Wimpole Hall
Jul. 7th, 2024 12:17 pm![[personal profile]](https://www.dreamwidth.org/img/silk/identity/user.png)

Wimpole Hall. Grand, isn't it? The earliest parts of the house date from the mid 17th century, but it was much enlarged and altered during the 18th & 19th centuries (in the process luring a great many men to their financial doom...)
The house as it is today, and its contents, were bequeathed to the National Trust in 1976 by Mrs Elsie Bambridge, Rudyard Kipling's daughter.
Captain George and Mrs Elsie Bambridge first rented Wimpole in 1938 and had bought it by 1942. The only surviving child of Rudyard Kipling, Elsie Bambridge was able to use the substantial royalties from her father’s books to refurbish the house.
The house was largely empty of contents, so they set out buying pictures and furniture to fill the house, bringing back many pieces that had once been owned by Wimpole’s previous families.
https://www.nationaltrust.org.uk/visit/cambridgeshire/wimpole-estate/history-of-wimpole-estate
There's quite a long walk from the National Trust car park to the house (though there is a little electric buggy that makes regular round trips for the less mobile visitor). This is the view along the way:

The Italianate tower of the stable block (which is arguably much prettier than the main house. You have to get your priorities right, yes?)

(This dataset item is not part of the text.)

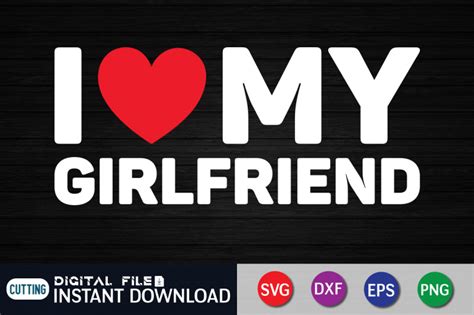 I Love My Girlfriend Svg By Funnysvgcrafts Thehungryjpeg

The avenue that approaches the house from the south, through the park, is two miles long - a very grand 1720s statement (somewhat undermined by the fact that it was originally of elm trees, and had to be replanted with limes when the elms all died in the 1970s).
But there are still many fabulous specimen trees in the park.

More tea, urn?

On the plus side, the house wasn't fashionably clad in Portland stone like so many other 18th century mansions. But it's still rather heavy in style. More Whitehall government building than Palladio.



A murder is being committed in the garden. Samson is slaying the Philistine.

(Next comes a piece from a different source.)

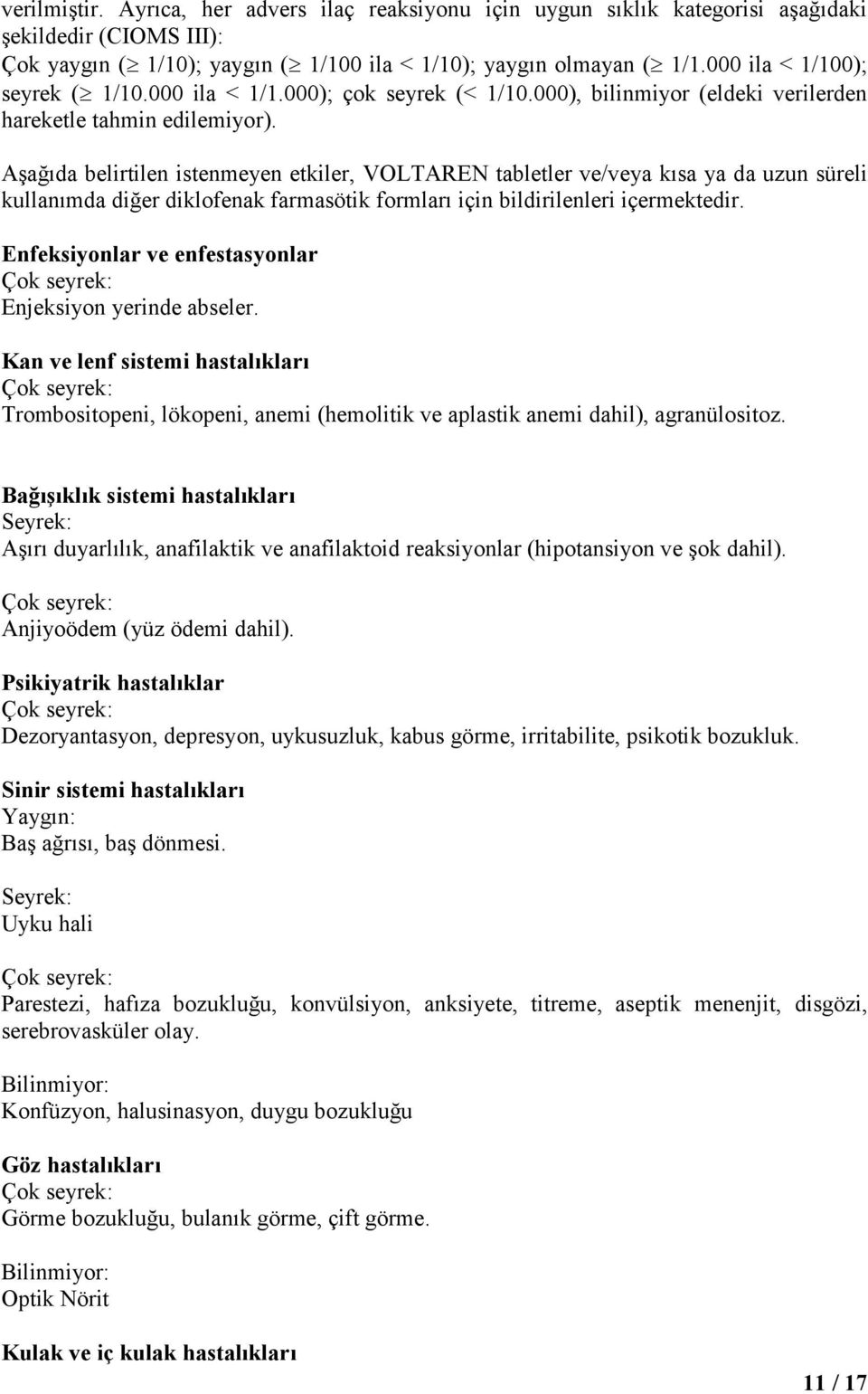 Aşağıda belirtilen istenmeyen etkiler, VOLTAREN tabletler ve/veya kısa ya da uzun süreli kullanımda diğer diklofenak farmasötik formları için bildirilenleri içermektedir.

I think the interior is rather more interesting than the exterior. Elsie Bambridge seems to have had a lot of fun choosing furnishings, and managed to acquire rather an eclectic collection of pictures, some of them quite breathtaking.

Yellow Drawing Room. Excuse the image quality. The National Trust has blinds on the windows to protect the house contents from light damage, so the photos are all shot at high ISO and rather grainy...









The dining room ceiling.

The dining room, set out as it would have been during Queen Victoria's reign. On the wall, Russian landscapes:




One of the collection of prints in the Print room.

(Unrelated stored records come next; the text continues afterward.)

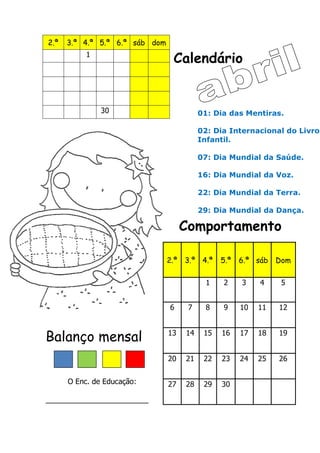 Calendário
Comportamento
Balanço mensal
O Enc. de Educação:
_________________________
2.ª 3.ª 4.ª 5.ª 6.ª sáb dom
1
30
2.ª 3.ª 4.ª 5.ª 6.ª sáb Dom
1 2 3 4 5
6 7 8 9 10 11 12
13 14 15 16 17 18 19
20 21 22 23 24 25 26
27 28 29 30
01: Dia das Mentiras.
02: Dia Internacional do Livro
Infantil.
07: Dia Mundial da Saúde.
16: Dia Mundial da Voz.
22: Dia Mundial da Terra.
29: Dia Mundial da Dança.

There are some outstanding works of art in the house: pictures that stop you dead in your tracks.

The Crack Shot by Tissot (1869).

A Collector in his Study by Venceslao Verlin (1768).


The Library.


The staircase for the family and guests.

The servants' stairs.


Basement passages. The understairs realm.

Butler's pantry.

Housekeeper's room.

A truly impressive supply of tea, in lockable chests.

Bedroom for visiting servants, from the days of the Bambridges.